The docs for torch.distributed.launch|run needs some improvements to match the warning message. This issue is being tracked here: dist docs need an urgent serious update · Issue #60754 · pytorch/pytorch · GitHub. And most of it has been addressed in the nightly docs: torch.distributed.run (Elastic Launch) — PyTorch master documentation.

For the time being here are the things to note:

  1. torch.distributed.run does not support parsing --local_rank as cmd arguments. If your script does this, then change it to getting local rank from int(os.environ["LOCAL_RANK"]).

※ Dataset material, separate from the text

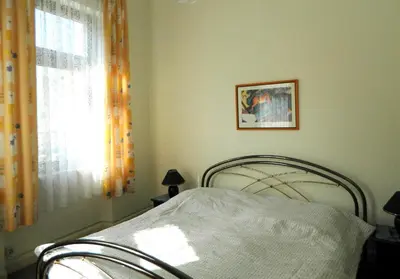 Ein Bett oder Betten in einem Zimmer der Unterkunft Ferienwohnung Burgblick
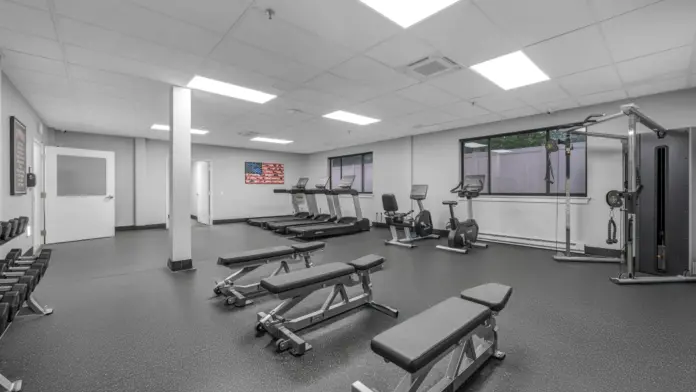 A clean, modern fitness center with weight benches, dumbbells, treadmills, stationary bikes, and a cable machine, featuring bright lighting and an American flag wall art.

If you can’t change the script, then stick to torch.distributed.launch for now.

  2. As @rvarm1 mentioned, torch.distributed.run's arguments are mostly backwards compatible with torch.distributed.launch (the exception is --use_env which is now set as True by default since we are planning to deprecate reading local_rank from cmd args in favor of env).

I tried torch.distributed.run with the same legacy arguments, and it works. Seems like it has a problem with the new rndvz arguments (or maybe I am not setting them up correctly).